In this chapter you will learn how to make the following visualizations:

  • Histogram
  • Box plot
  • Bar chart
  • Line graph
  • Scatter plot

The code used to make the above visualizations in 5 will be provided and explained. Then, you will be asked to replicate the visualization using different data.

20.2 Set-up

To complete this chapter, you need to

  • Start a R Markdown document
  • Change the YAML to the following:
---
title: 'R Chapter 20'
author: 'Your name'
output: 
  html_document:
    theme: spacelab
    df_print: paged
    toc: true
    toc_float:
      toc_collapsed: false
    fig_width: 6
    fig_height: 4
    fig_align: "center"
---

The newest additions to the YAML header are worth explaining. The toc stands for table of contents, which works really well for HTML output but not so much Word or PDF. Each level of the table of contents is dictated by the headings you include in your document. The arguments beginning with fig dictate the size and alignment of each figure your code produces.
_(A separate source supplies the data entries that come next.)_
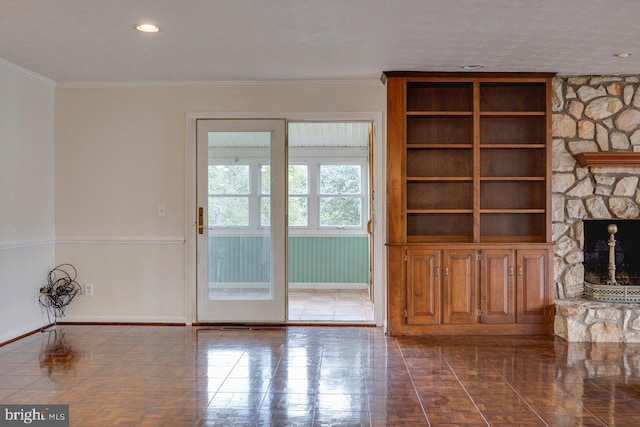 unfurnished living room featuring tile patterned flooring, a stone fireplace, and crown molding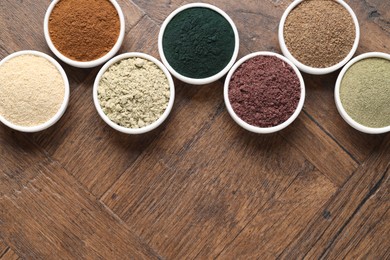 Photo of Different superfood powders in bowls on wooden table, flat lay. Space for text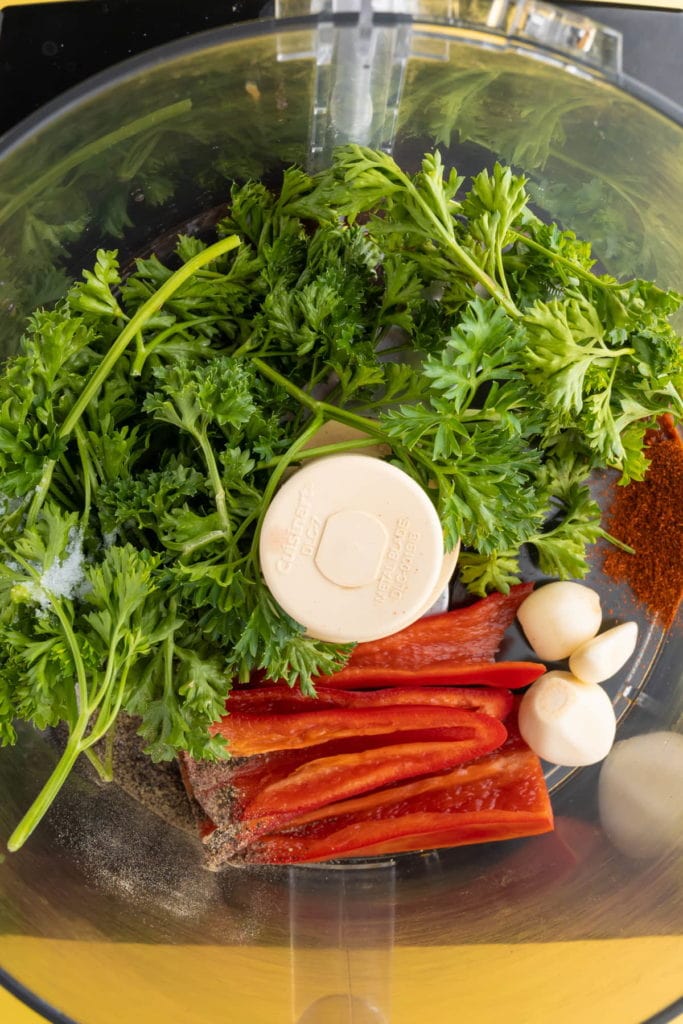 Ingredients for Serrano Pepper Chimichurri - red wine vinegar, fresh parsley, pepper, salt, garlic, serrano peppers, and paprika - in a blender (before blending).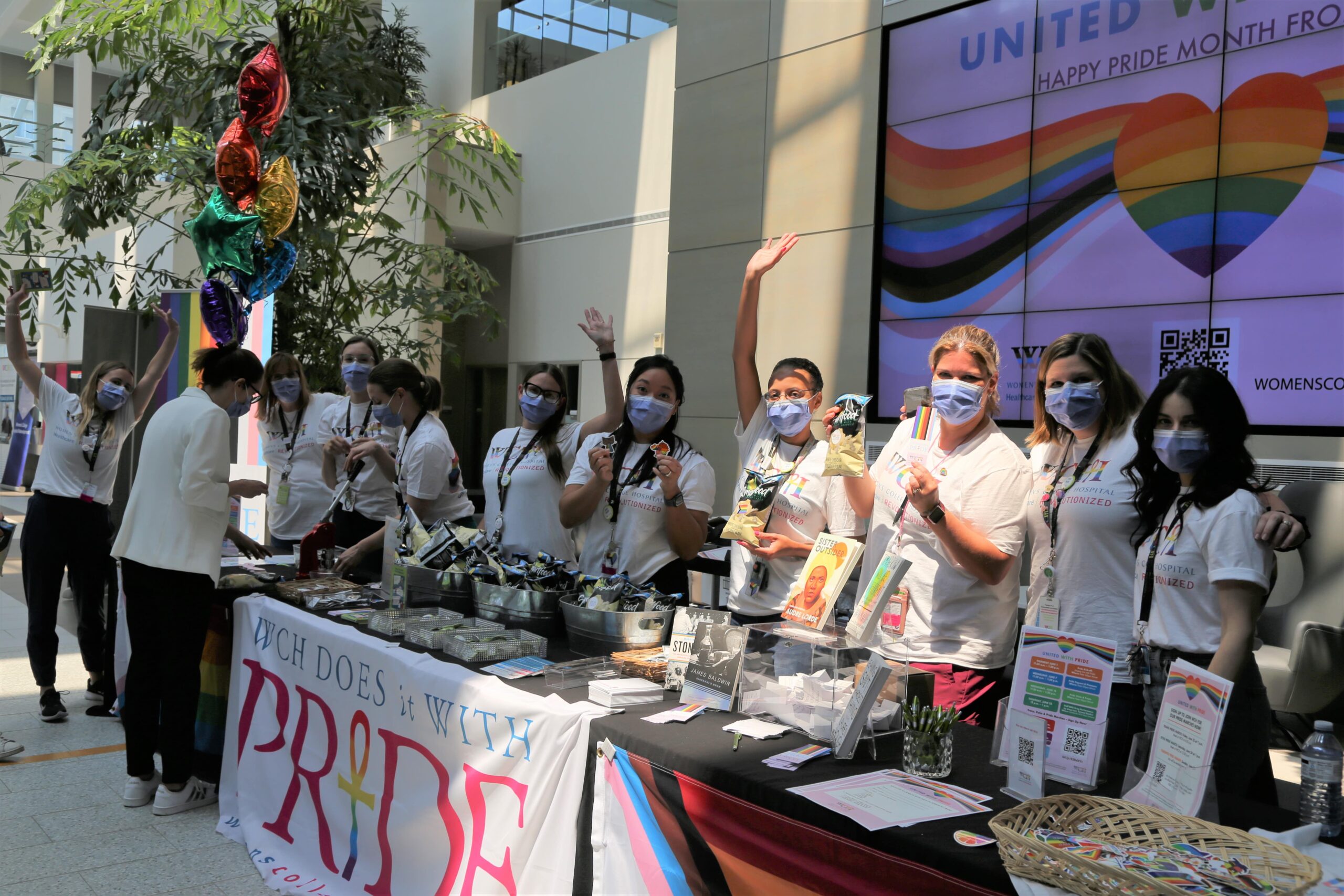 Group photo of WCH employees at Pride booth 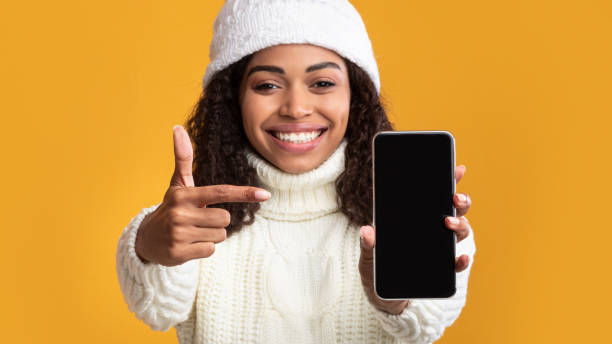istock Black woman showing blank cell phone screen 1285265271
You can override these global arguments by including with code chunk options.

  • Load the following packages and data
library(tidyverse)
library(data.table) # contains fread function to import from URL
library(fpp2)
countyComplete <- fread('http://openintro.org/data/tab-delimited/county_complete.txt')

For everything but the line graph, we will use the countyComplete data within the openintro package. This dataset contains 3,143 counties and 53 variables. For the line graph, we will use the prisonLF data within the fpp2 package. This dataset is a quarterly time series of prisoner numbers in Australia from 2005 to 2016, split by sex, state, and legal status.

20.3 Grammar of graphics

R uses the grammar of graphics to make visualizations. You need to define three essential elements to produce a graph:

  • data: defines the dataset containing our variable(s) of interest
  • aes: defines the variables used to generate the plot and how they are used
  • geom: defines the kind of plot

We plot variables from data to aesthetic attributes of geometric objects. The function we use to do this is called ggplot. The generic code below shows the essential elements that will produce a default plot. We replace data with the name of the dataset. Within the aes parentheses, we tell R to assign one or more variables to a variety of attributes, such as x or y or color. What we include within aes depends on the type of plot we want to make, which is determined by the second line which always includes geom_ followed by the type of plot.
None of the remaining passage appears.